* EXERCISE DIRECTIONS
Transcribe only the part of the material below that begins at the line containing "April Birthstone Earrings- Cubic" and ends at the line containing "MAHJ NDLPT (Green", with both kept and images left out.

* LISTED RECORDS
-- Opening Marker --

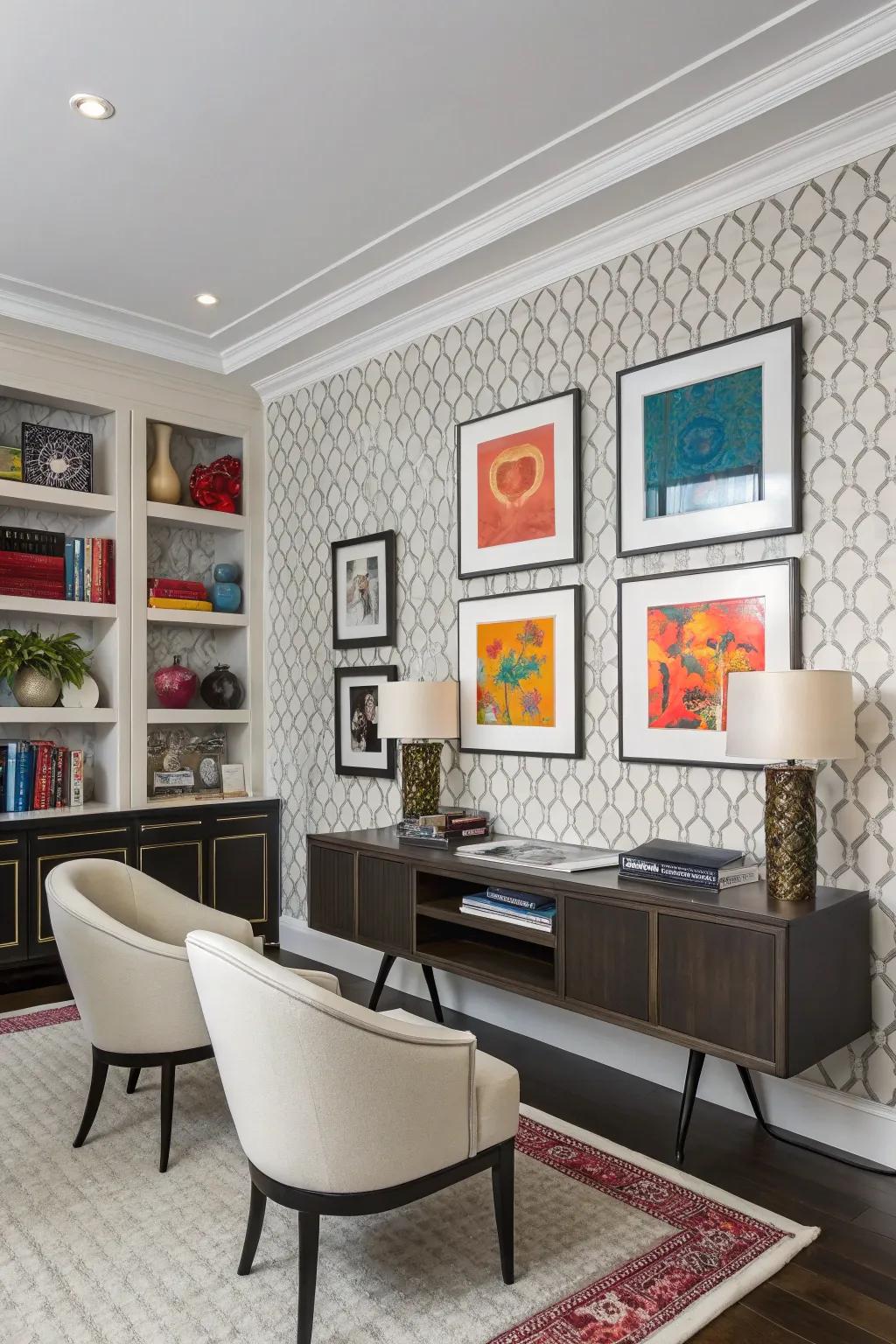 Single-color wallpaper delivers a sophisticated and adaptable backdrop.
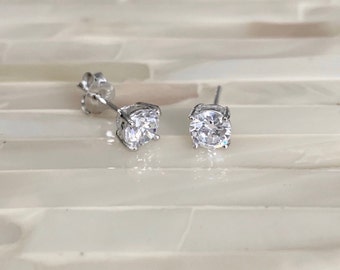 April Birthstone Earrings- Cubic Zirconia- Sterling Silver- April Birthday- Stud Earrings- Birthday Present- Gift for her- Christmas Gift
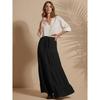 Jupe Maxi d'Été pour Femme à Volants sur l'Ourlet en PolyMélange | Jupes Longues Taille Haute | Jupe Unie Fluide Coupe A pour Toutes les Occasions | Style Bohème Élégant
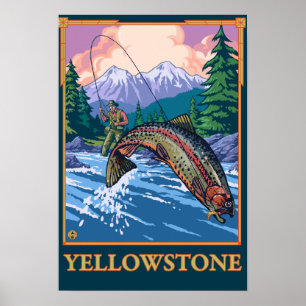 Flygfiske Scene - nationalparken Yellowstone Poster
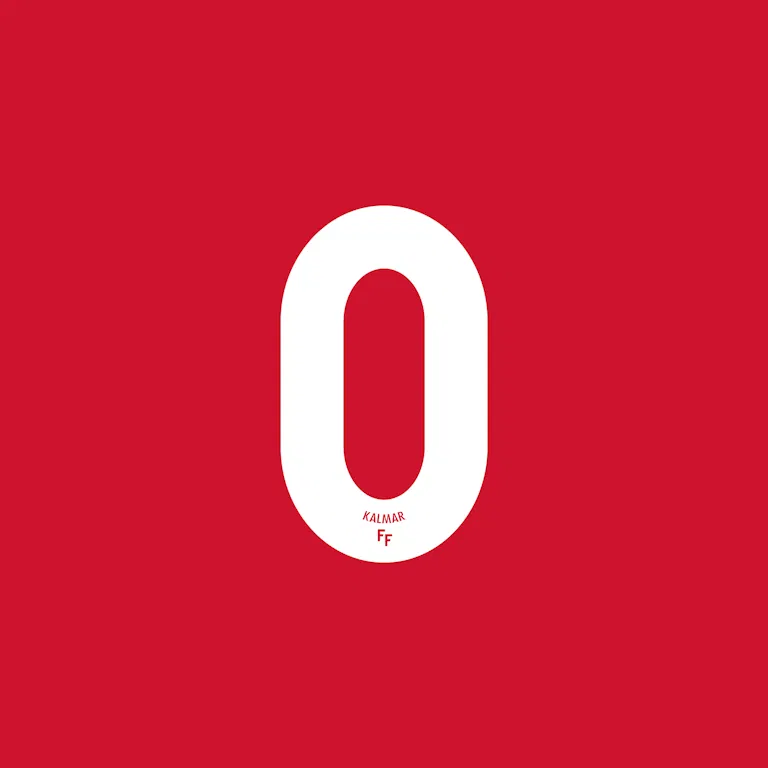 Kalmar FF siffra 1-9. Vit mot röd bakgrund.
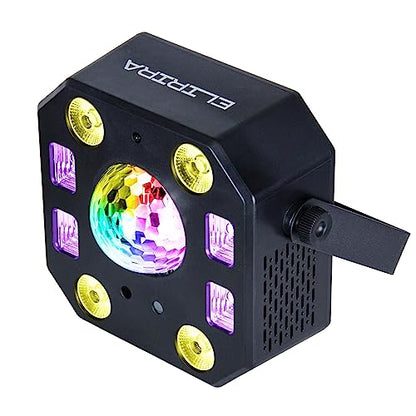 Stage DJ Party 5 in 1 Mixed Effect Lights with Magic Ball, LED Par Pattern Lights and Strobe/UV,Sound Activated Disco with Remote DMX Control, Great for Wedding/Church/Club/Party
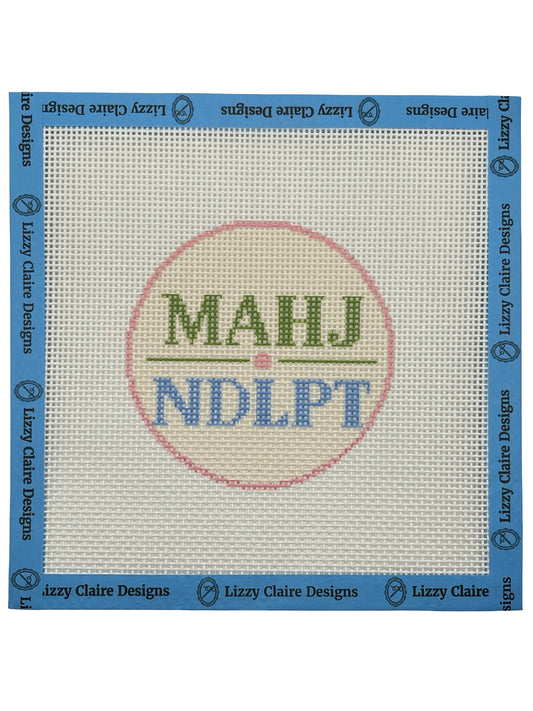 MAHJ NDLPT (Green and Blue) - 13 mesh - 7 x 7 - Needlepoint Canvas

-- Closing Marker --
-- Opening Marker --

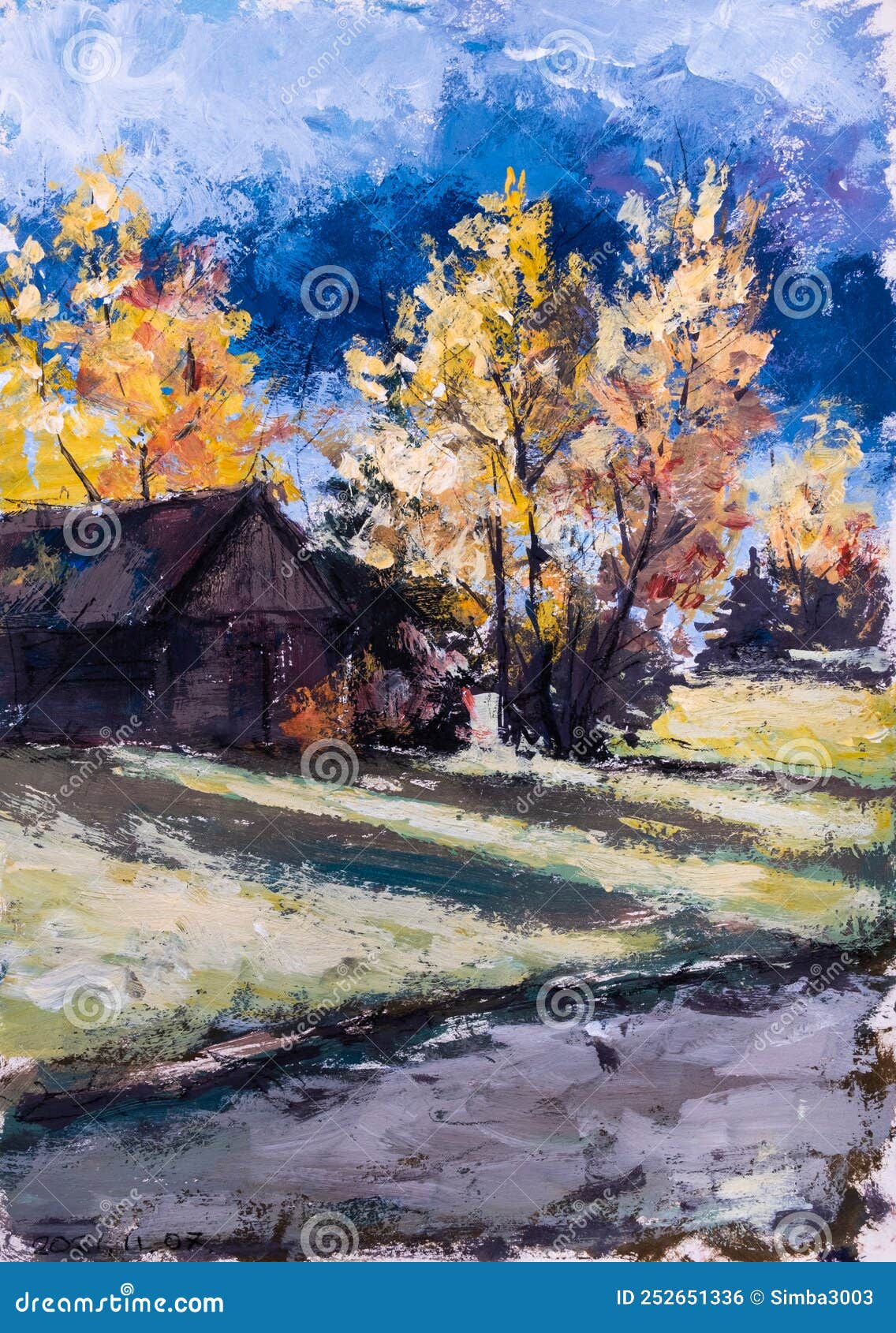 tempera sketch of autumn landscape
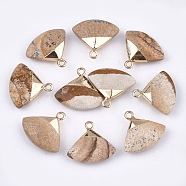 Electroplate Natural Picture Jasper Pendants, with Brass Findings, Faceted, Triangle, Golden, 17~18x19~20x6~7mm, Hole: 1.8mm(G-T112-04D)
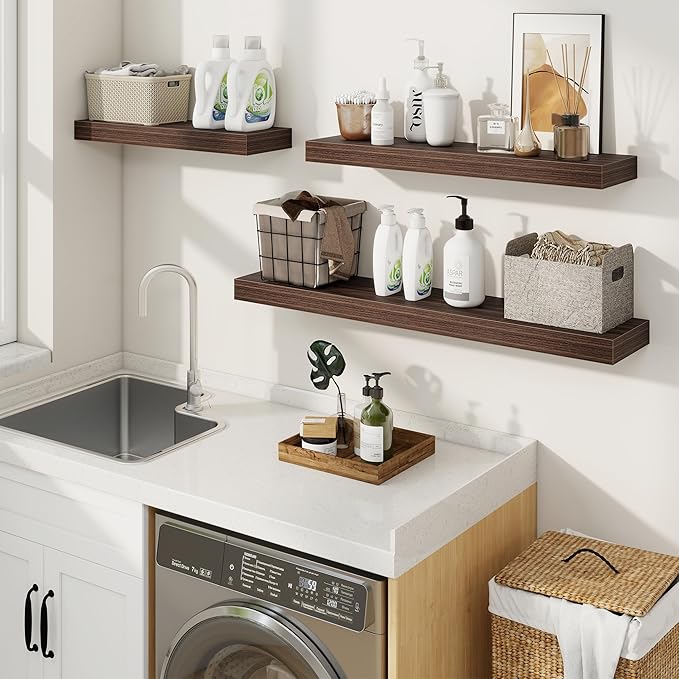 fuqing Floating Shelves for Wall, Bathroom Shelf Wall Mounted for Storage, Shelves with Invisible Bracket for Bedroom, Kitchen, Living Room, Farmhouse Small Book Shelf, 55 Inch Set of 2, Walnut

-- Closing Marker --

* EXPECTED ANSWER
 April Birthstone Earrings- Cubic Zirconia- Sterling Silver- April Birthday- Stud Earrings- Birthday Present- Gift for her- Christmas Gift
 Jupe Maxi d'Été pour Femme à Volants sur l'Ourlet en PolyMélange | Jupes Longues Taille Haute | Jupe Unie Fluide Coupe A pour Toutes les Occasions | Style Bohème Élégant
 Flygfiske Scene - nationalparken Yellowstone Poster
 Kalmar FF siffra 1-9. Vit mot röd bakgrund.
 Stage DJ Party 5 in 1 Mixed Effect Lights with Magic Ball, LED Par Pattern Lights and Strobe/UV,Sound Activated Disco with Remote DMX Control, Great for Wedding/Church/Club/Party
 MAHJ NDLPT (Green and Blue) - 13 mesh - 7 x 7 - Needlepoint Canvas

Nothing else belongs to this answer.